WORK TO BE COMPLETED:
When a record contains an image, skip the image and retype the rest of that record exactly.

EXCERPTED RECORDS:
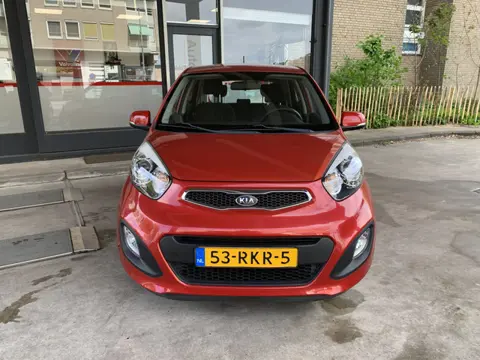 Kia Picanto 1.2 met airco (bj 2011)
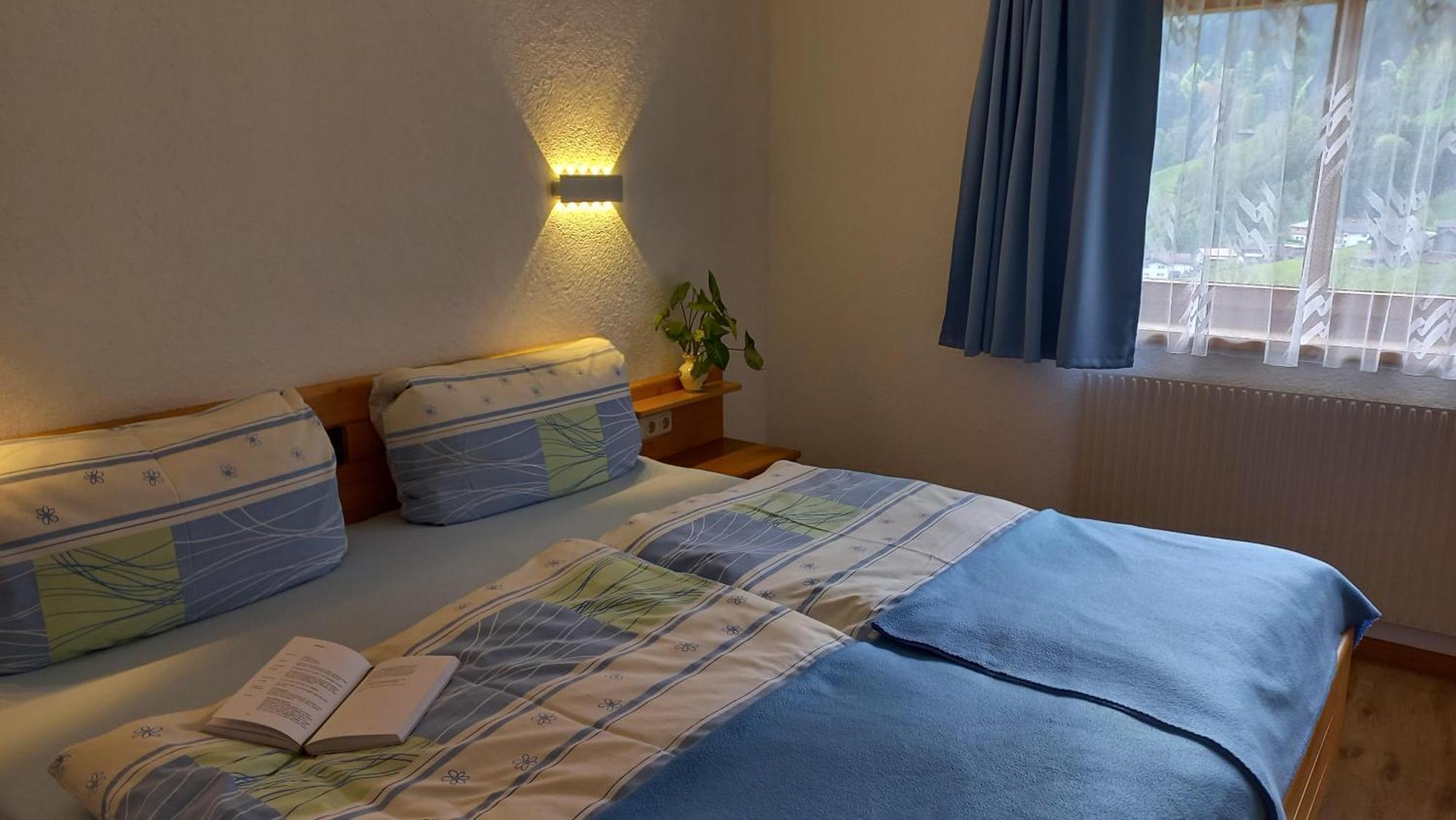 Ferienwohnung Rudigier Bartholomäberg Buitenkant foto
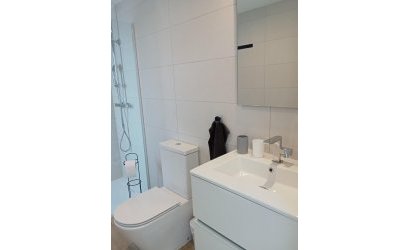 Herverkoop - Apartment -
Torrevieja - Punta Prima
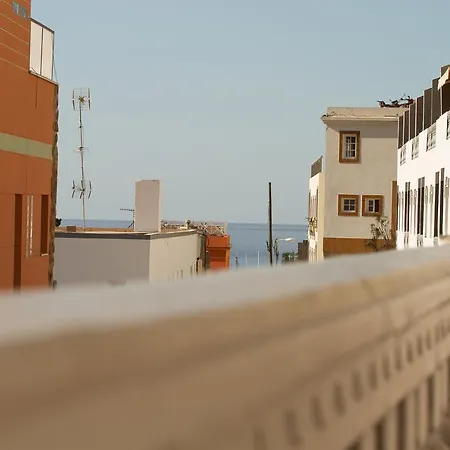 Lägenhet Luxury Europe Puerto De Mogan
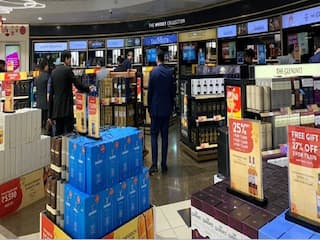 Looking To Buy Liquor At Delhi Airport? You Might Be Disappointed. Here's Why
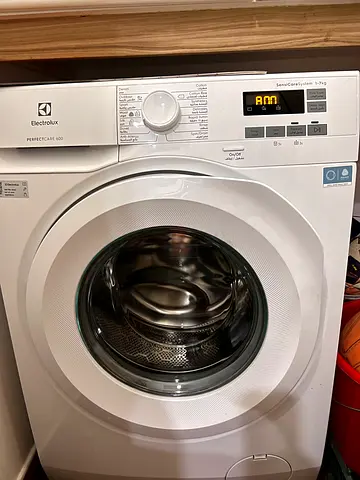 Electrolux Front Load Washing Machine - Good Working Condition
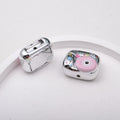 Polaroid Square Acrylic Beads 25mm Mini Camera Designs 10pcs 5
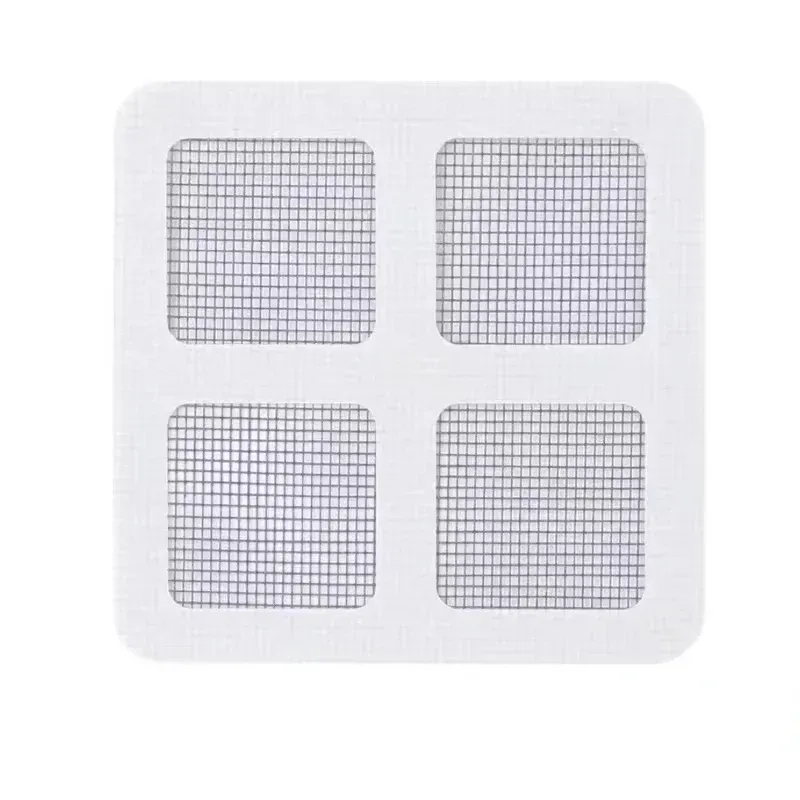 Filtre de vidange jetable anti-blocage pour douche et évier 7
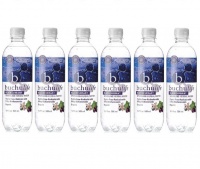 Buchulife Sparkling Herbal Water Blackcurrant - 6 pack Photo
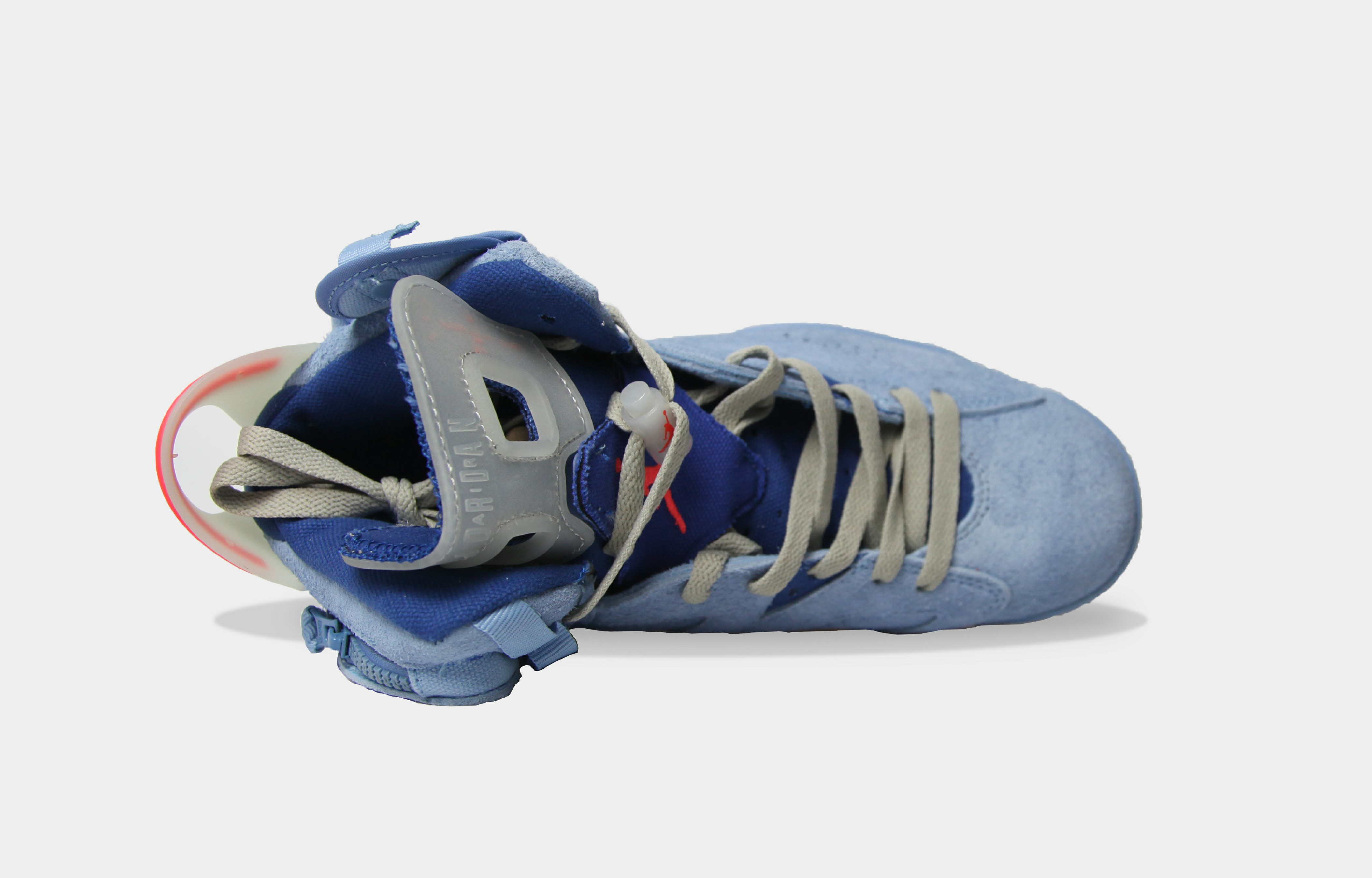 Jordan 6 Retro Travis Scott Houston Oilers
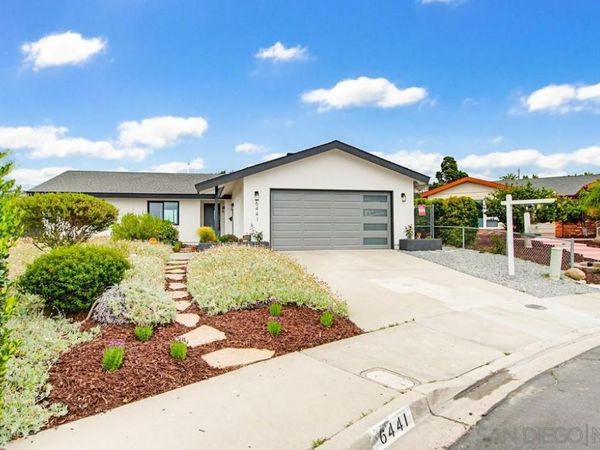 6441 Bounty Court, San Diego, CA 92120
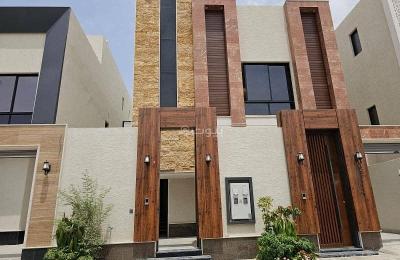 For sale, excellent first-floor apartment in Al-Rimal neighborhood, Tanall plan.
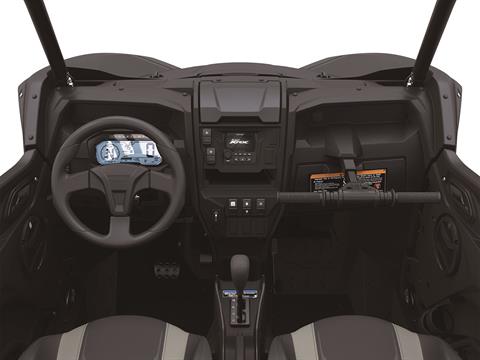 2025 Kawasaki Teryx KRX 1000 Blackout Edition in Santa Maria, California - Photo 12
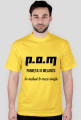 P.O.M T-shirt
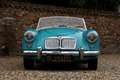 MG A Twin Cam Roadster PRICE REDUCTION! Older restora Синій - thumbnail 5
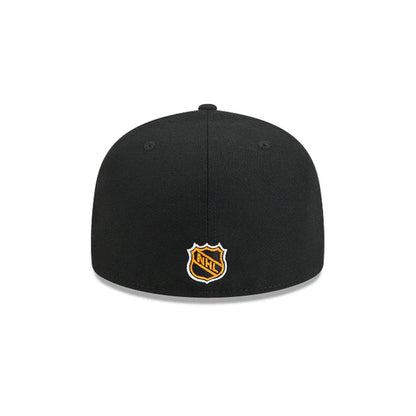 Los Angeles Kings NHL New Era Men's Black 59Fifty Core Fitted Hat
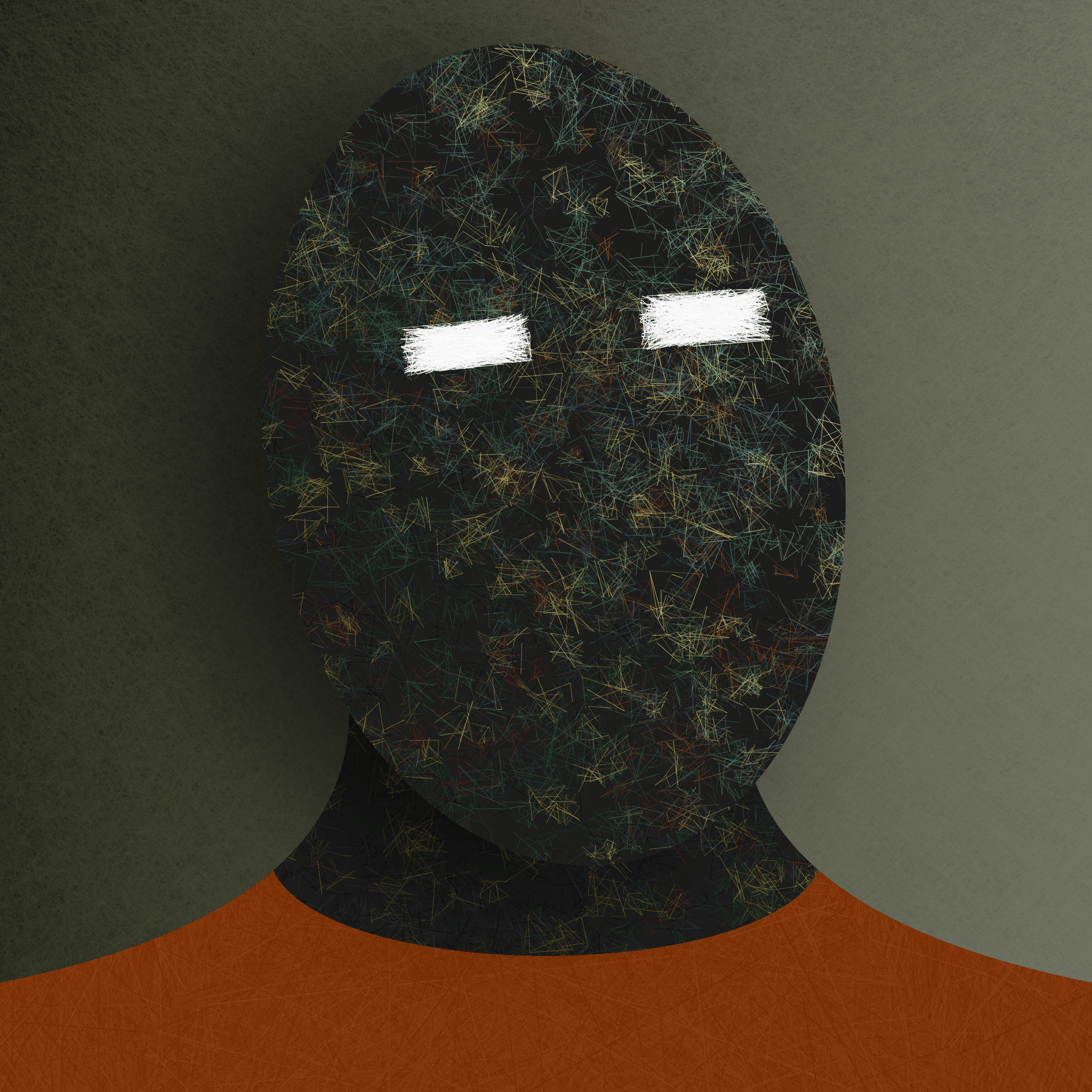 It Was Always The Eyes #1768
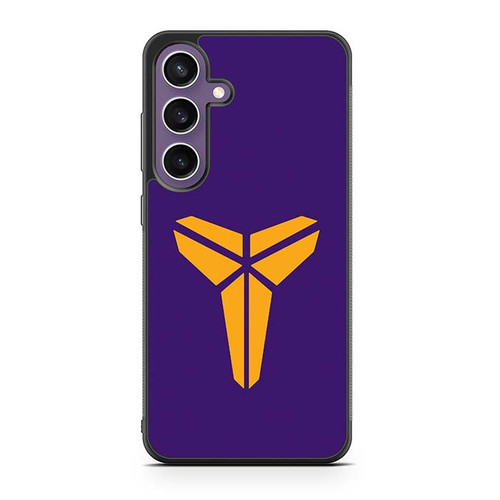 Kobe Bryant Purple Logo Samsung Galaxy S23 Case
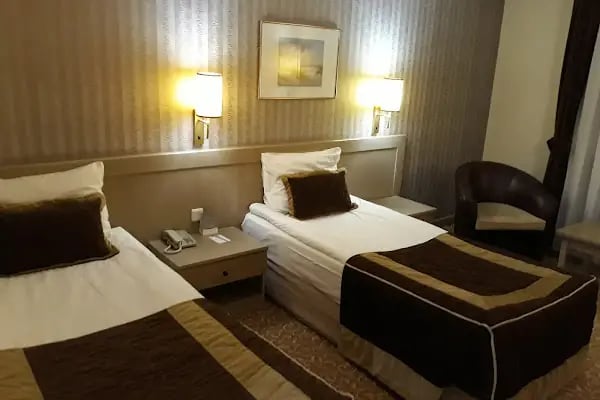 Sergah Hotel Ankara | Ulus Otelleri | Old City - Resim 10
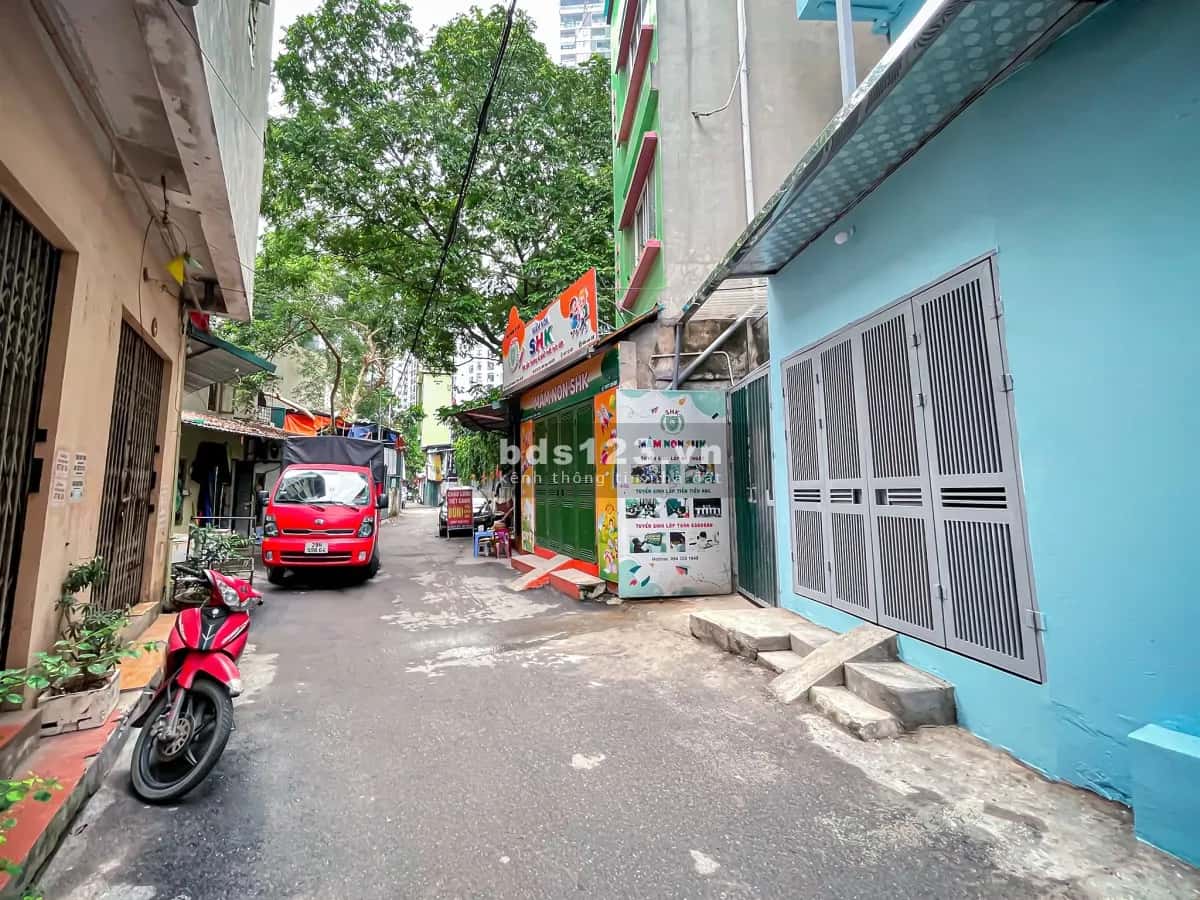 Cho thuê nhà mặt tiền Phố Trần Bình Cầu Giấy, Hà Nội – giá 7.5 triệu Cho thuê nhà mặt tiền Phố Trần Bình Cầu Giấy, Hà Nội – giá 7.5 triệu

WRITTEN RESPONSE:
 Kia Picanto 1.2 met airco (bj 2011)
 Ferienwohnung Rudigier Bartholomäberg Buitenkant foto
 Herverkoop - Apartment -
Torrevieja - Punta Prima
 Lägenhet Luxury Europe Puerto De Mogan
 Looking To Buy Liquor At Delhi Airport? You Might Be Disappointed. Here's Why
 Electrolux Front Load Washing Machine - Good Working Condition
 Polaroid Square Acrylic Beads 25mm Mini Camera Designs 10pcs 5
 Filtre de vidange jetable anti-blocage pour douche et évier 7
 Buchulife Sparkling Herbal Water Blackcurrant - 6 pack Photo
 Jordan 6 Retro Travis Scott Houston Oilers
 6441 Bounty Court, San Diego, CA 92120
 For sale, excellent first-floor apartment in Al-Rimal neighborhood, Tanall plan.
 2025 Kawasaki Teryx KRX 1000 Blackout Edition in Santa Maria, California - Photo 12
 P.O.M T-shirt
 MG A Twin Cam Roadster PRICE REDUCTION! Older restora Синій - thumbnail 5
 Los Angeles Kings NHL New Era Men's Black 59Fifty Core Fitted Hat
 It Was Always The Eyes #1768
 Kobe Bryant Purple Logo Samsung Galaxy S23 Case
 Sergah Hotel Ankara | Ulus Otelleri | Old City - Resim 10
 Cho thuê nhà mặt tiền Phố Trần Bình Cầu Giấy, Hà Nội – giá 7.5 triệu Cho thuê nhà mặt tiền Phố Trần Bình Cầu Giấy, Hà Nội – giá 7.5 triệu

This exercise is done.